I would say, no way am I going to a church.

And she'd ask again.

Eventually it simply became a bit awkward to continue refusing, particularly because she really was becoming a friend. So when she invited me to a "Gospel concert" at her church - which was the African fellowship putting on a worship evening - I finally agreed to come along.

It was an evening of good music and dancing, which wouldn't have impressed me that much, but what truly blew my mind that evening was that there were many people just like my boss - highly educated, smart people, my own age, who seemed to sincerely believe all this and enthusiastically sang their praises to God. My boss introduced me to her home group leader, and I remember my very first question to him that evening: "Do you really, I mean really, believe all this... stuff?" I was just incredulous.

He said yes, and you might want to do some research to see if it's true or not.

I was puzzled, thinking, how do you research a belief system? There's opinions and gurus a dime a dozen in the world, and they all sincerely believe their truth!

His response was, I don't have a belief system.

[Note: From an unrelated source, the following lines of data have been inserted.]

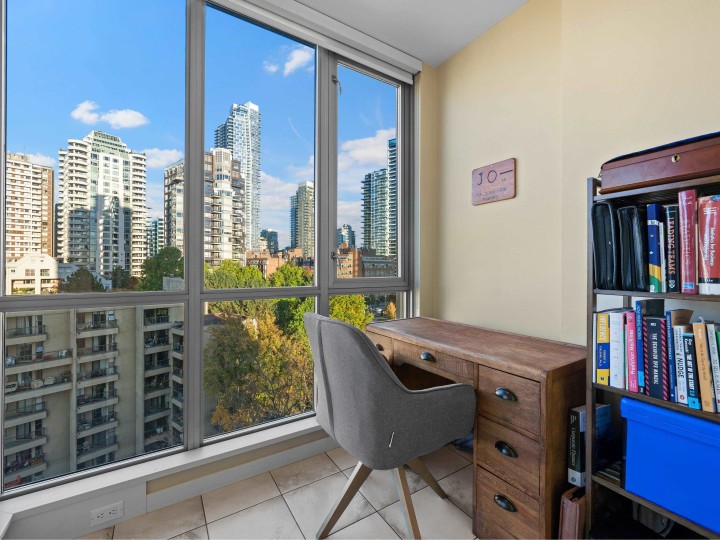 Photo 13 at 1206 - 1005 Beach Avenue, West End VW, Vancouver West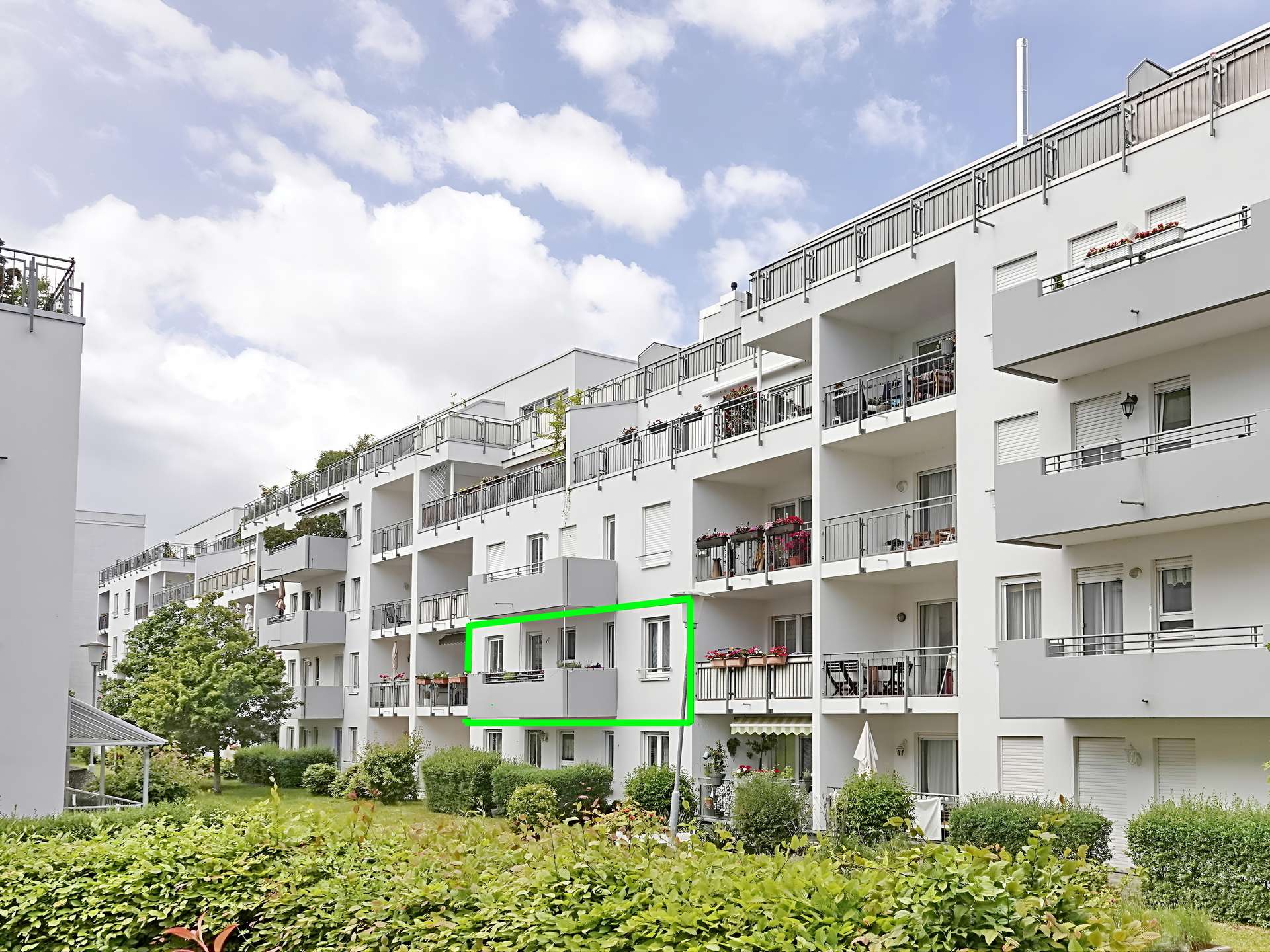Ihr neues Zuhause: 2-Zimmer I Einbauküche I Balkon I Aufzug I Tiefgaragenstellplatz I Fernwärme – Leipzig – Vorschaubild 15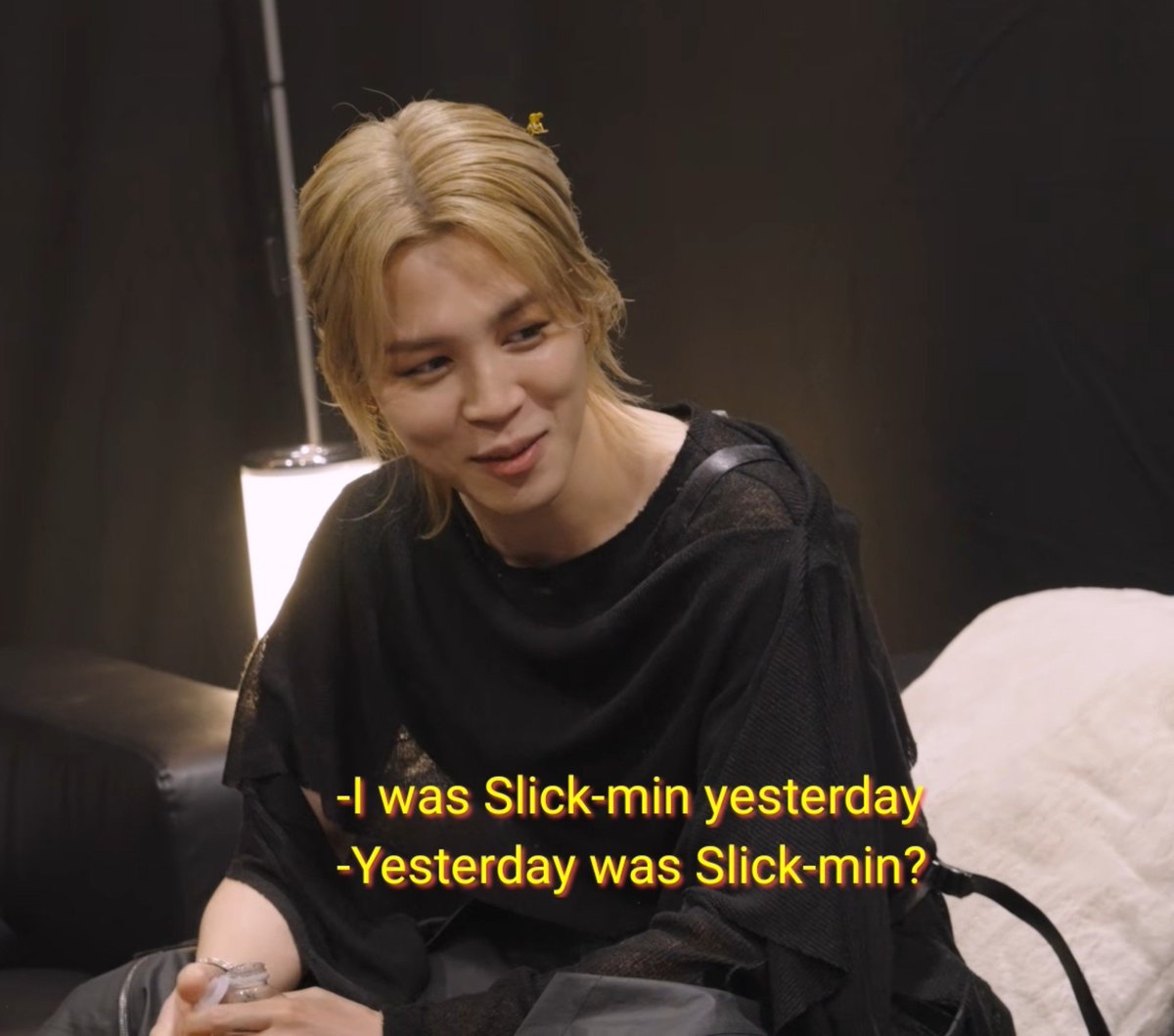 agustdreads's tweet photo. slick-min....he was in heat https://t.co/snuchvqVOr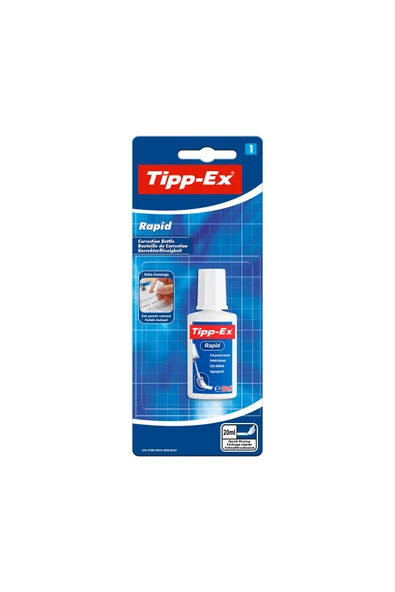 3 ADET  Bıc Tipp-Ex Rapid Sıvı Sılıcı Sungrlıtek ürün görseli 1
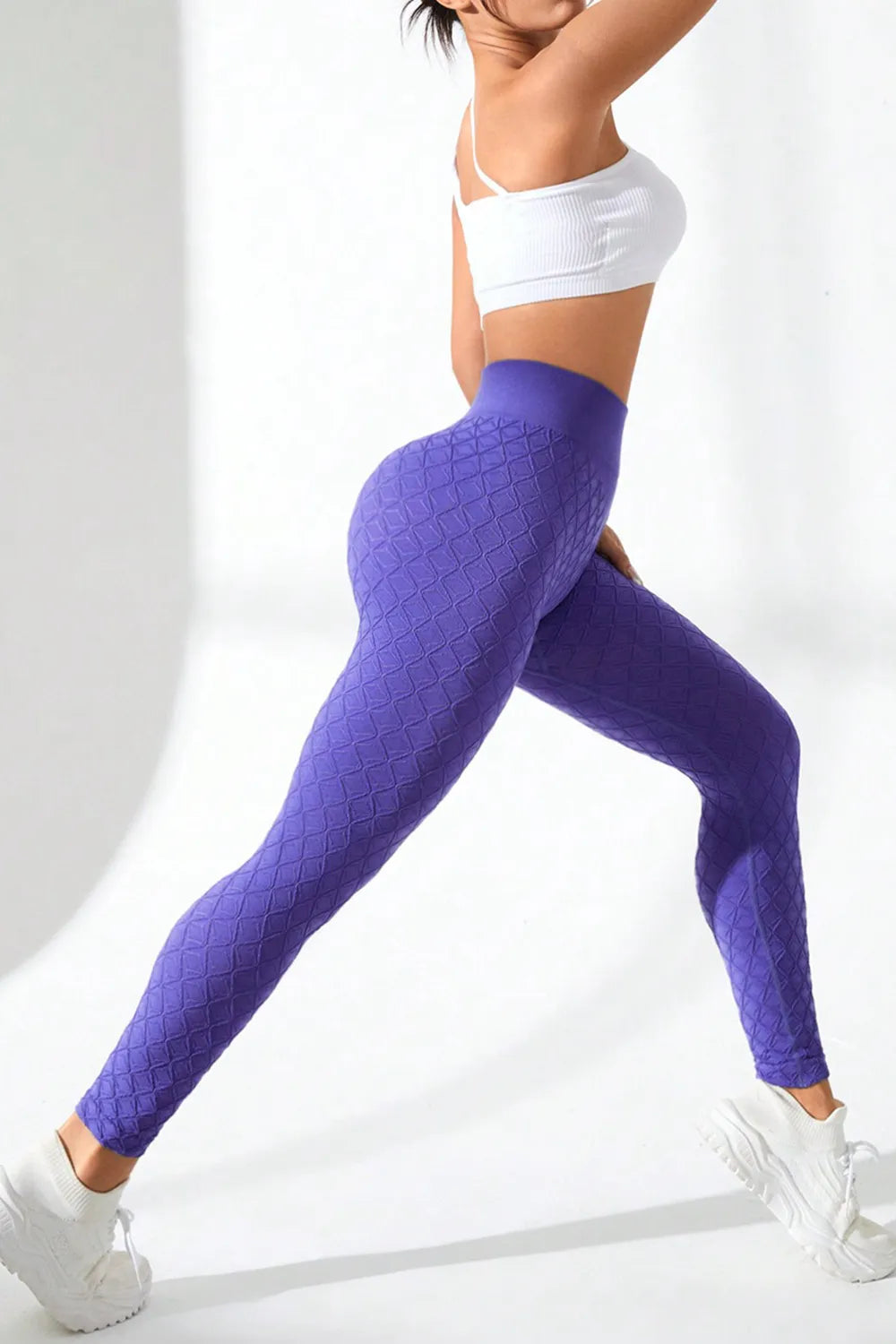 High Waist Active Leggings - Leggings by Trendsi | Available at Handbags Specialist Headquarter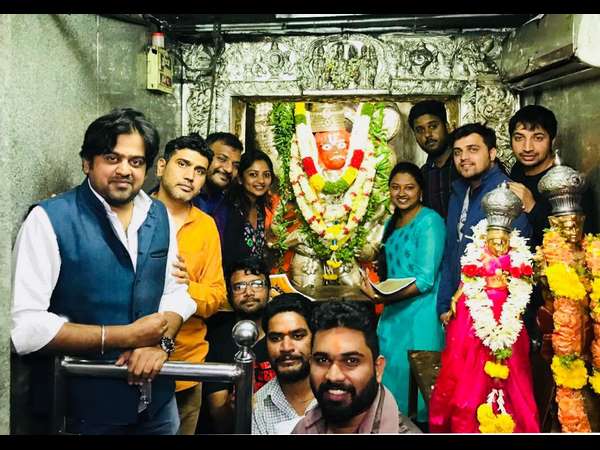 'ರಿಷಭ ಪ್ರಿಯ' ಟೀಂ ಜೊತೆ ಸಿನಿಮಾ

I believe that Jesus was a real person who died and was buried, and rose again. And because no one else has ever done that, I take his claim that he is God very seriously - along with everything else he taught.

Now that gave me something to work with! History can be researched. This is what set me off: seeing all those people, my own age, my own "kind" (as opposed to the old people that populated the Catholic churches I had visited on major occasions in my childhood, who went purely for cultural reasons as far as I could tell: because it's what you did on Sundays) sincerely believing all this and enthusiastically building their lives on it. Chris, the home group leader, invited me to come along to the midweek group; and I went. There I saw those people discussing what the Bible said with great sincerity, as if it mattered to their lives now.

Meanwhile I was going down into a deep, deep rabbit hole of history: I needed to know whether Jesus, firstly, really existed; secondly, whether he really said what the Bible reports he said; and finally, whether he really died (and was dead, not unconscious or comatose) and really rose again. I read for months, arguments for, arguments against. But in the end, the truth caught up with me and the arguments against the historical facts just couldn't stand up to scrutiny any more. This wasn't what I was hoping to find, but truth was truth: and this truth had bearing on my life today. Because if Jesus was who he claimed to be, and proved it by rising from the dead and was still alive to this day, then I had better take very seriously what he taught.

After several months of asking lots of hard questions at the home group, and another several weeks of wrestling with my own pride because the truth I had found wasn't what I had wanted to find, I sat down with Chris and told him that because truth was truth, I may not be comfortable with it but truth has consequences. The example I gave him showed my feelings about it pretty clearly - I said, there are lots of Holocaust deniers out there. I don't like that the Holocaust happened either, but facts are facts and truth is truth and so I have to admit and live with the fact that it did happen. And the same applies to the resurrection.

That's how I initially came into Christianity. Head first, heart later.